Online, I participate in several e-mail poetry discussion groups that reflect my varied poetic interests…for cinquains - CinquainPoets (http://groups.yahoo.com/group/CinquainPoets/), for haiku – WHCWorkshop http://groups.yahoo.com/group/WHCworkshop/) and other World Haiku Club lists, Simply Haiku (http://groups.yahoo.com/group/simply_haiku/), Canadian Zen Haiku (http://groups.yahoo.com/group/Canadian_Zen_Haiku_canadien/), and several others…for scifaiku – Scifaiku (http://groups.yahoo.com/group/Scifaiku/), for genre poetry – SFPANet (http://groups.yahoo.com/group/sfpanet) (unlike the others – this is not a workshop group) and WickedVerse (http://groups.yahoo.com/group/WickedVerse), for tanka (which I still haven’t mastered), the Tanka list (http://groups.yahoo.com/group/Tanka/), etc. This is just the tip of the iceberg and the activity level fluctuates wildly on the lists but the point being that as a writer and poet, the communities formed by these e-mail lists help support and spark my own creativity.

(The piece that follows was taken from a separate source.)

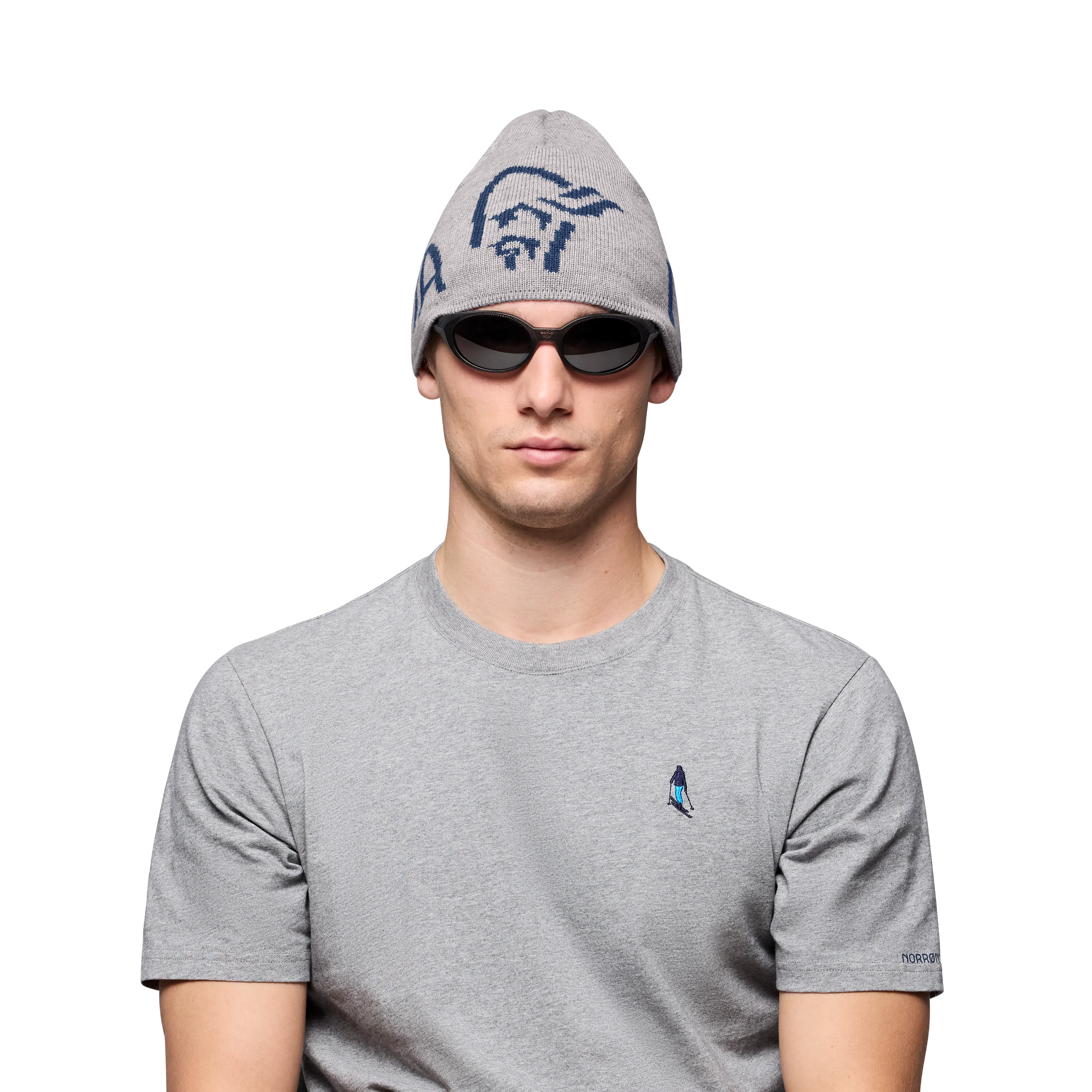 /29 mid merinoUll logo Beanie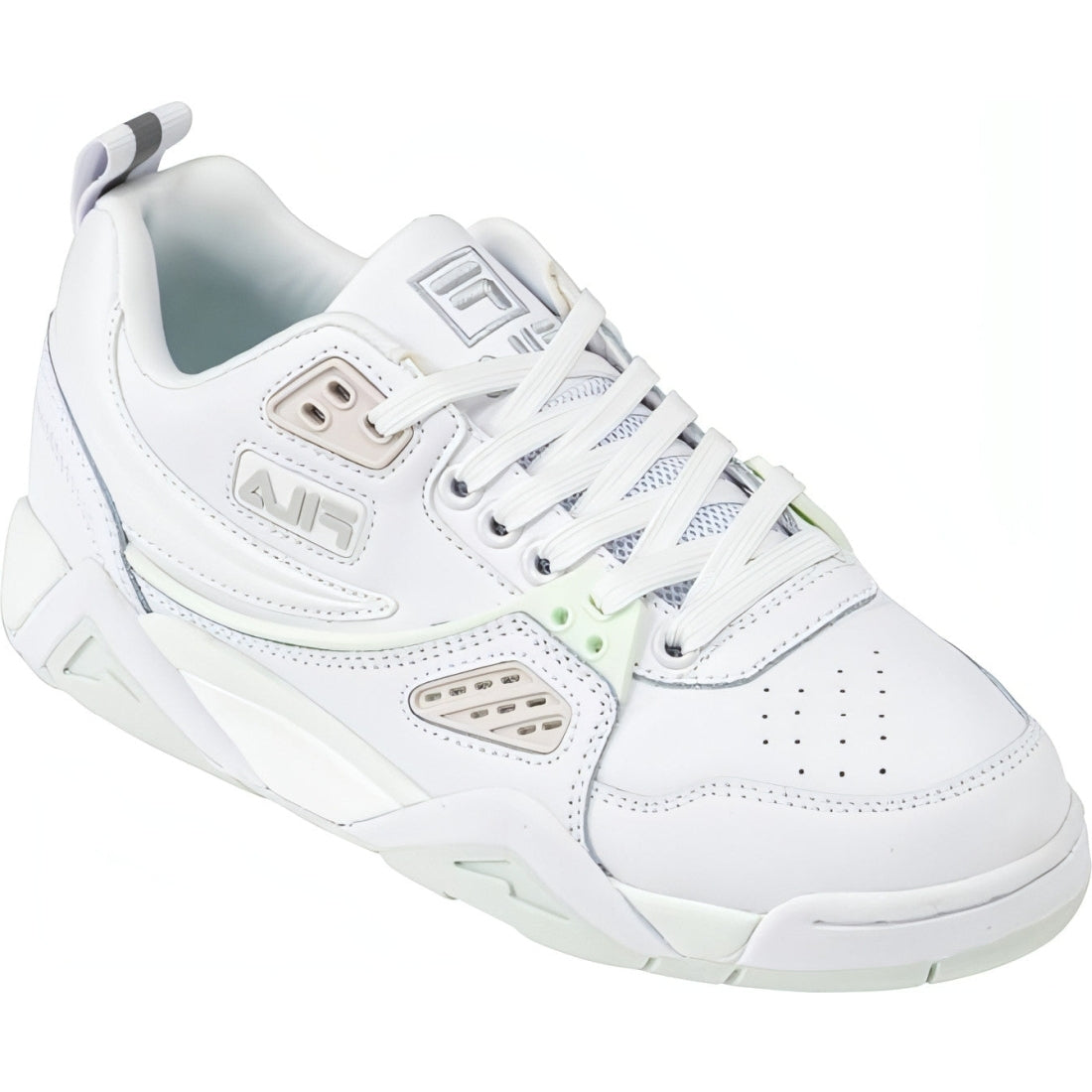 FILA womens white mint casim trainers | Vilbury London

These group activities have led into opportunities that I would have never experienced otherwise. For example, in May 2005, the CinquainPoets list created the 212 stanza cinquain sequence, “May Dazed”, which we published as a book at Lulu.Com:
We started with a single cinquain, written by Denis Garrison which ended with the two syllable line “blossoms”. I then wrote a cinquain which started with “blossoms” and ended with “kneeling”. Kate Steere followed my cinquain with a stanza which started with “kneeling” and ended with “petals”. This continued on for several weeks and 211 links and then Denis wrote the last cinquain stanza, which ended with the word, “dogwood”, the first word in his original leading cinquain.
The intensity of the list activity during this period was grueling – poets were posting madly even as other poets were composing links for the same word and beating them to it by the matter of minutes. It was not an experience that any of us was ready to immediately repeat yet I think we all benefited and enjoyed the creative burst it gave us all.
On other groups, I’ve participated in an international haiku tournament (incredibly intense but frustrating, although one of my favorite haiku:
the hermit crab tries on
the bottle cap
- Deborah P Kolodji
2nd Place – World Haiku Tournament
was written during this activity), written poems for group chapbooks, co-authored rengay and renku, found out about publication opportunities, and been inspired by the poems of my fellow poets.
These poetry communities have helped open the floodgates of my writing, my only regret is that there isn’t enough time to write it all down.